Moth Beans Dal with Fenugreek (Methi Matki)

This is a super healthy and nutritious dish with all the goodness of fenugreek leaves and moth beans. If using a pressure cooker or instant pot, it cooks super fast too @sarchakra

COOK TIME: 45 mins

PREP TIME: 15 mins

YIELDS: Serves or makes 5-6


  • Moth beans (matki) 1 cup
  • Fenugreek leaves (methi saag) 1 cup, fresh or frozen-see notes
  • Oil 2 tbsp
  • Tomato 1, chopped
  • Whole red chilies 4
  • Garlic paste (lehsun) 2 tsp
  • Ginger (adrak) 1 tbsp
  • Mustard seeds 1 tsp
  • Cumin seeds 1 tbsp
  • Asafetida (hing) a pinch
  • Coriander powder (dhania) 1 tbsp
  • Red chili powder (lal mirch) 2 tsp
  • Salt
  • Turmeric (haldi) 1 tbsp
  • Bay leaf 1
  • Garam masala powder 1 tsp
  • Curry leaves 5-6
  • Ghee 1 tbsp


Soak moth beans at least an hour in water. Discard the soaked water and add fresh water along with salt and turmeric and a bay leaf. Cook in the press cooker or a heavy buttoned pan till done. Set aside.

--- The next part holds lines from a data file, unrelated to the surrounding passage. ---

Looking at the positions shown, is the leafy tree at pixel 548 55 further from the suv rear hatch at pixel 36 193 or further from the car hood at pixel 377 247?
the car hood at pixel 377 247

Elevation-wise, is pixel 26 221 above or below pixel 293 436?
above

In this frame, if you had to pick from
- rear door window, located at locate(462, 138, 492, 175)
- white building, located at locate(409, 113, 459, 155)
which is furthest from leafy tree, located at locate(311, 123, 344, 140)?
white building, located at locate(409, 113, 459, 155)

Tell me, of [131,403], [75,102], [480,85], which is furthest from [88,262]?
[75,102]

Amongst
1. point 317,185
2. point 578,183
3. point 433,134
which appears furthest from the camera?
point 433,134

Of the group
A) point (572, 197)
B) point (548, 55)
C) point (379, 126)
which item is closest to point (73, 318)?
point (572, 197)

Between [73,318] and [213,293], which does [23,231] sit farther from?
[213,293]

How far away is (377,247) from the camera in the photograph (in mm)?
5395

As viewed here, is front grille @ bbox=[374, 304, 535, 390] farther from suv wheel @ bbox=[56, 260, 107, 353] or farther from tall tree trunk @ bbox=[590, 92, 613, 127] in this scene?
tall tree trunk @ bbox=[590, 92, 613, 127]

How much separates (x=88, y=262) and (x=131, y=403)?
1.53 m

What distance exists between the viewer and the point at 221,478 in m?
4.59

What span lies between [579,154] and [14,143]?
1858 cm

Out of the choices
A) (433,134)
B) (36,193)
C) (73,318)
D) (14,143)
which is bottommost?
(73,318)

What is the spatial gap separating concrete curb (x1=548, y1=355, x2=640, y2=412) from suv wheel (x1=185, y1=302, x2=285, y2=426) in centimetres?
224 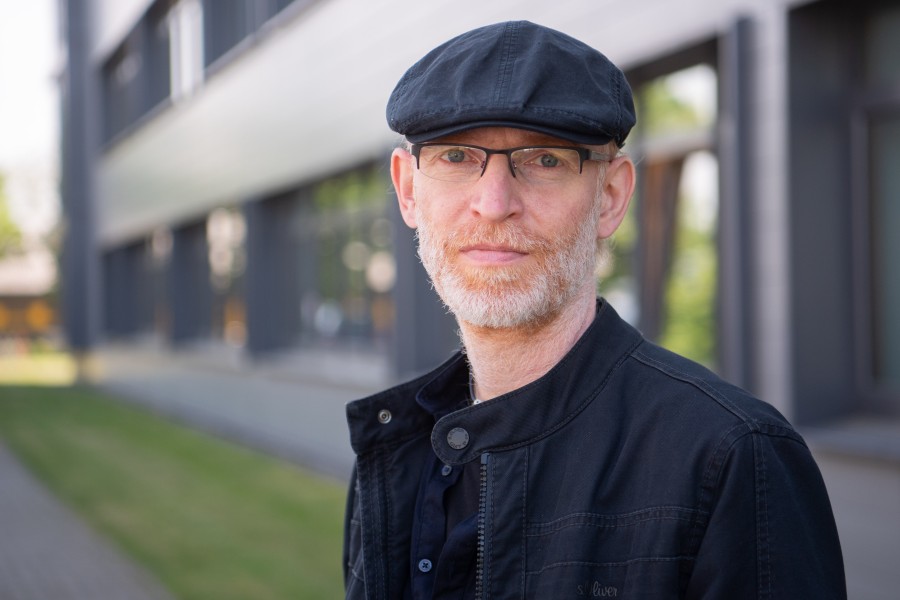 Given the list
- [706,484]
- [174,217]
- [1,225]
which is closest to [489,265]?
[706,484]

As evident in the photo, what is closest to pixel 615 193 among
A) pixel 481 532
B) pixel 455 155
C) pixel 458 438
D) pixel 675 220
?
pixel 455 155

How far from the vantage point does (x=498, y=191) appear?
1.79m

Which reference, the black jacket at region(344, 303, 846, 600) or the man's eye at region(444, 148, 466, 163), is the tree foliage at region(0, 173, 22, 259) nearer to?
the man's eye at region(444, 148, 466, 163)

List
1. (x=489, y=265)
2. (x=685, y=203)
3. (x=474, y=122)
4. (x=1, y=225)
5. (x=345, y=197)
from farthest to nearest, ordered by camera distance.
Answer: (x=1, y=225) → (x=345, y=197) → (x=685, y=203) → (x=489, y=265) → (x=474, y=122)

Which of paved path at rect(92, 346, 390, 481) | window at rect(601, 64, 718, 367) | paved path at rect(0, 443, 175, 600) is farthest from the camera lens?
paved path at rect(92, 346, 390, 481)

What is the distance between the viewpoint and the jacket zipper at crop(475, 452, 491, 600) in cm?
170

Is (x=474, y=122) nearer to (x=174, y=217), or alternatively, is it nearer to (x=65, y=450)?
(x=65, y=450)

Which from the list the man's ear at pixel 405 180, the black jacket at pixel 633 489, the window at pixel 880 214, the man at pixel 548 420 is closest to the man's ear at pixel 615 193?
the man at pixel 548 420

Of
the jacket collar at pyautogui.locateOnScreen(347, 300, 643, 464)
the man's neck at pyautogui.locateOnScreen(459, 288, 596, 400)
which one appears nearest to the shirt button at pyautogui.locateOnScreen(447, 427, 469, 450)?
the jacket collar at pyautogui.locateOnScreen(347, 300, 643, 464)

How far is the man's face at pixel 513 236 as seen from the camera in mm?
1799

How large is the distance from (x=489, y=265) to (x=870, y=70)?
4166 mm

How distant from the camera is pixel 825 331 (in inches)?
209

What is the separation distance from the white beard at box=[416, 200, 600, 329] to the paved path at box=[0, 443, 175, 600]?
4.94 meters

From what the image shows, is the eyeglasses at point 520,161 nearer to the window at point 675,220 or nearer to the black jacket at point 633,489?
the black jacket at point 633,489
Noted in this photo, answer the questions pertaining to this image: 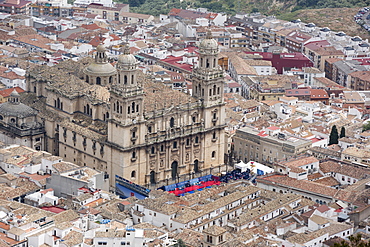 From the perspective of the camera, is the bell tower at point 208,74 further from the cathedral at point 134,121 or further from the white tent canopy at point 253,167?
the white tent canopy at point 253,167

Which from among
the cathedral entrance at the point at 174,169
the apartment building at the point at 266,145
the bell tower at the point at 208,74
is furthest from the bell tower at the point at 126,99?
the apartment building at the point at 266,145

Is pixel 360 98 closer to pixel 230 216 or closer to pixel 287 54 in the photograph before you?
pixel 287 54

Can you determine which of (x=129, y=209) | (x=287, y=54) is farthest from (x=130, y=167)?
(x=287, y=54)

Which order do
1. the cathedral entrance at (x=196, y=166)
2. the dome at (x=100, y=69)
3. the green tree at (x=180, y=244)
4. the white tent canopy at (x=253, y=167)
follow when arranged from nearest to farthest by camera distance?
the green tree at (x=180, y=244) → the white tent canopy at (x=253, y=167) → the cathedral entrance at (x=196, y=166) → the dome at (x=100, y=69)

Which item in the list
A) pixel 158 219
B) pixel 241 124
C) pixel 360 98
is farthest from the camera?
pixel 360 98

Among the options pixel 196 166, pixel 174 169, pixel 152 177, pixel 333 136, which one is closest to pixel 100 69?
pixel 174 169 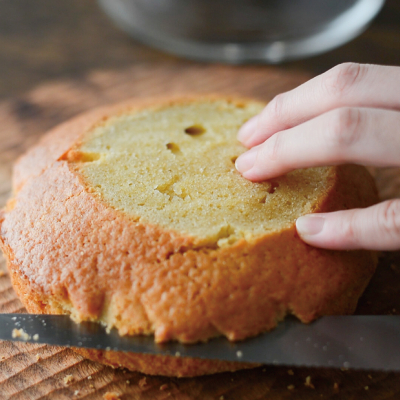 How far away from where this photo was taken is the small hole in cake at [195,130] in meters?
1.59

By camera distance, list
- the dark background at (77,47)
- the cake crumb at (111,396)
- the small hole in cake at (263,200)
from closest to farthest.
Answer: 1. the cake crumb at (111,396)
2. the small hole in cake at (263,200)
3. the dark background at (77,47)

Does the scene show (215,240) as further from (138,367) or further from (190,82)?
(190,82)

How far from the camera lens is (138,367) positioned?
1143 mm

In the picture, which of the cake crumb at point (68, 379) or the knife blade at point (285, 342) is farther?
the cake crumb at point (68, 379)

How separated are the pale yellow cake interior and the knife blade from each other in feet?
0.84

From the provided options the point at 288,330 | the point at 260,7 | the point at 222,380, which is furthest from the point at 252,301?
the point at 260,7

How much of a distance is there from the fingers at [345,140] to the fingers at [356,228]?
118mm

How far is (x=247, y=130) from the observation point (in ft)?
4.75

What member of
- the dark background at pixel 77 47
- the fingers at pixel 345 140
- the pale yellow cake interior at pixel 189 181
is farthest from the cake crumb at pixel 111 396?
the dark background at pixel 77 47

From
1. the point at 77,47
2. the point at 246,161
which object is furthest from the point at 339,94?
the point at 77,47

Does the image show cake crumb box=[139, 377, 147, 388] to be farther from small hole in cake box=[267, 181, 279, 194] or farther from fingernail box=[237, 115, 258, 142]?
fingernail box=[237, 115, 258, 142]

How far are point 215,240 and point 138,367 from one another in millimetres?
371

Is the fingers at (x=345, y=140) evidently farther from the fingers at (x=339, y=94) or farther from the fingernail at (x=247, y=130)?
the fingernail at (x=247, y=130)

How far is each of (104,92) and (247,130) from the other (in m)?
1.12
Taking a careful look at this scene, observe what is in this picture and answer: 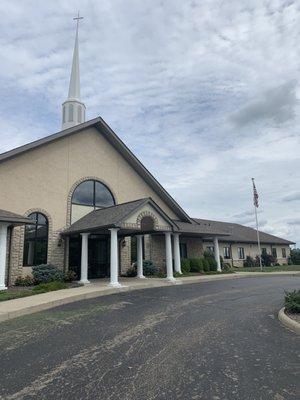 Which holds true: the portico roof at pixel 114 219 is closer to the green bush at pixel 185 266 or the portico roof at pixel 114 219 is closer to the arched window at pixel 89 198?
the arched window at pixel 89 198

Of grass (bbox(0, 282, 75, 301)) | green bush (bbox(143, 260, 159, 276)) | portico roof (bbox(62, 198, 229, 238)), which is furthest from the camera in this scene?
green bush (bbox(143, 260, 159, 276))

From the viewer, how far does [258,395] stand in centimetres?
431

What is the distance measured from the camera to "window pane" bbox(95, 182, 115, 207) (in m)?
22.5

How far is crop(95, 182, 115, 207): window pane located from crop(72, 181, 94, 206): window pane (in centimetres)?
39

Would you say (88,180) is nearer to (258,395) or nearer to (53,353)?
(53,353)

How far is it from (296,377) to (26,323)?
6780 millimetres

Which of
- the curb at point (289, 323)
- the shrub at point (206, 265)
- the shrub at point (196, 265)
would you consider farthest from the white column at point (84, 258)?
the curb at point (289, 323)

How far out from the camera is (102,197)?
2280 centimetres

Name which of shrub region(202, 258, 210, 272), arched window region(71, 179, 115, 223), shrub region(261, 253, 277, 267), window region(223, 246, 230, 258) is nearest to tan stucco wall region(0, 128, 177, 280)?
arched window region(71, 179, 115, 223)

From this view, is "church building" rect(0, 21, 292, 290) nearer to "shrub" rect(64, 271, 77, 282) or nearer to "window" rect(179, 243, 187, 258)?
"shrub" rect(64, 271, 77, 282)

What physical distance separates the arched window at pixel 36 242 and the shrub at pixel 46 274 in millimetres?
666

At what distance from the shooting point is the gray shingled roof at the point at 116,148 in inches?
731

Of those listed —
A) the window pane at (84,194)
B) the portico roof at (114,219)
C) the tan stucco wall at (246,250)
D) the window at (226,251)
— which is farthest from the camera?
the window at (226,251)

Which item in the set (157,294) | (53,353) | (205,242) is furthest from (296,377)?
(205,242) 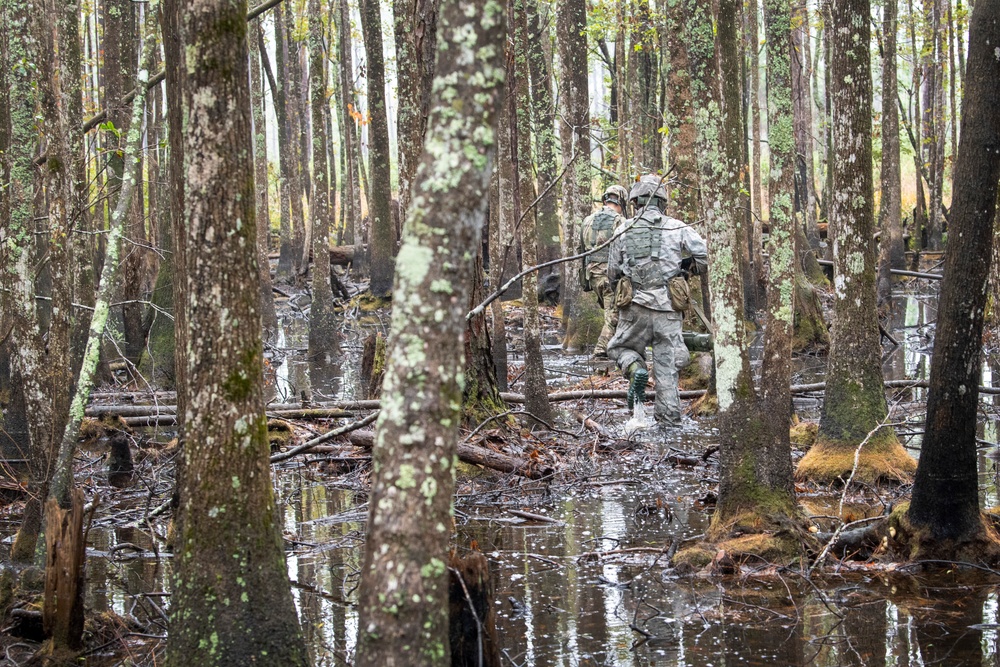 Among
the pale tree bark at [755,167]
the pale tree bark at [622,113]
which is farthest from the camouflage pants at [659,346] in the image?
the pale tree bark at [622,113]

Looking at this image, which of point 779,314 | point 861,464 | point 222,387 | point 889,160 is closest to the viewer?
point 222,387

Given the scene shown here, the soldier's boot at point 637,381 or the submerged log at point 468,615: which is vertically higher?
the soldier's boot at point 637,381

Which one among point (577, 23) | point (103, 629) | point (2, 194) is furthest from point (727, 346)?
point (577, 23)

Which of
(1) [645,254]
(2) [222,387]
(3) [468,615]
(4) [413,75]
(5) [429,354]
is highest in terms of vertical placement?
(4) [413,75]

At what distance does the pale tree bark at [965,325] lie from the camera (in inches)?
210

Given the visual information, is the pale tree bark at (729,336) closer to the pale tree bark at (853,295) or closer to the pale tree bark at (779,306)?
the pale tree bark at (779,306)

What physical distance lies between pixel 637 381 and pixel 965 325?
449cm

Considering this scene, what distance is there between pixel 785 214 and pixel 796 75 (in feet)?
65.0

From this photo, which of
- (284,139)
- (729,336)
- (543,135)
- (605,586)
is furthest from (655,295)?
(284,139)

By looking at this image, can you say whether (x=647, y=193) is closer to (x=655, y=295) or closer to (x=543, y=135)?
(x=655, y=295)

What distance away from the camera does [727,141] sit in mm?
5867

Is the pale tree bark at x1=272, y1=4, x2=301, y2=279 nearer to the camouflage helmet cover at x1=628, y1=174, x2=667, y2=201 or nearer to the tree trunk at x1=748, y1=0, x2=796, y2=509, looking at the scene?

Heat oil in a pan. Add asafetida followed by garlic paste and cook a few seconds. Add ginger and tomatoes. cook for a few minutes till the oil floats. Add chopped fenugreek, coriander powder, garam masala powder, red chili powder and cook covered till the fenugreek is cooked. This should take about 5-6 minutes. Add cooked dal and cook for a further 5-56 minutes. Turn the heat off. Keep it covered.

Tadka: In a separate pan, heat 1 tbsp ghee. Put in cumin seeds, mustard seeds, curry leaves and red chilies. Let it cook a few seconds till aromatic. Pour tadka on the daal. Serve hot with chapati, roti or rice.


If using fresh fenugreek leaves, wash thoroughly a few times till completely clean. Discard the stems and chop finely. Otherwise you can use frozen fenugreek straight from the freezer. Slightly increase the cooking time.